The following language replaces the first sentence set forth under “Certain United States Federal Income and Estate Tax Consequences to Non-United States Persons —Additional Withholding Requirements” in the Prospectus Supplement, subject to completion, dated January 22, 2019 to the Prospectus dated April 15, 2016:

“Under Sections 1471 through 1474 of the Internal Revenue Code (such Sections commonly referred to as “FATCA”), a 30% United States federal withholding tax may apply to any interest income paid on the notes to (i) a “foreign financial institution” (as specifically defined in the Internal Revenue Code) which does not provide sufficient documentation, typically on IRS Form W-8BEN-E, evidencing either (x) an exemption from FATCA, or (y) its compliance (or deemed compliance) with FATCA (which may alternatively be in the form of compliance with an intergovernmental agreement with the United States) in a manner which avoids withholding, or (ii) a “non-financial foreign entity” (as specifically defined in the Internal Revenue Code) which does not provide sufficient documentation, typically on IRS Form W-8BEN-E, evidencing either (x) an exemption from FATCA, or (y) adequate information regarding certain substantial United States beneficial owners of such entity (if any).”

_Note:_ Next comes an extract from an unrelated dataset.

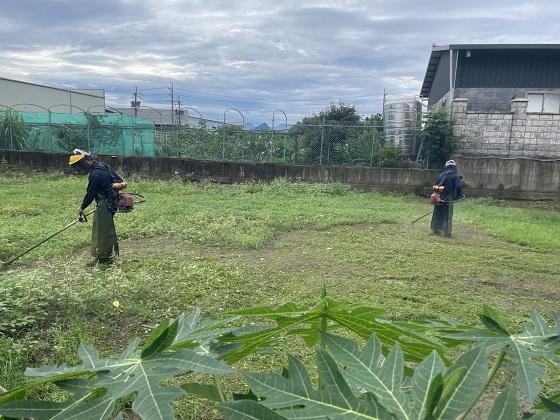 中壢區割草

Certain of the underwriters are not U.S. registered broker-dealers, and will not effect any offers or sales of any notes in the United States unless it is through one or more U.S. registered broker-dealers as permitted by the regulations of the Financial Industry Regulatory Authority, Inc.

Settlement Period: The closing will occur on January 29, 2019 which will be more than two U.S. business days after the date of this pricing term sheet. Rule 15c6-1 under the Securities Exchange Act of 1934 generally requires that securities trades in the secondary market settle in two business days, unless the parties to a trade expressly agree otherwise.

JPMorgan Chase & Co. has filed a registration statement (including a prospectus, as supplemented by a prospectus supplement) with the Securities and Exchange Commission, or SEC, for the offering to which this term sheet relates. Before you invest, you should read the prospectus in that registration statement, the prospectus supplement and any other documents relating to this offering that JPMorgan Chase & Co. has filed with the SEC for more complete information about JPMorgan Chase & Co. and this offering. You may get these documents without cost by visiting EDGAR on the SEC Web site at www.sec.gov. Alternatively, the issuer, any underwriter or any dealer participating in the offering will arrange to send you the prospectus if you request it by calling collect 1-212-834-4533.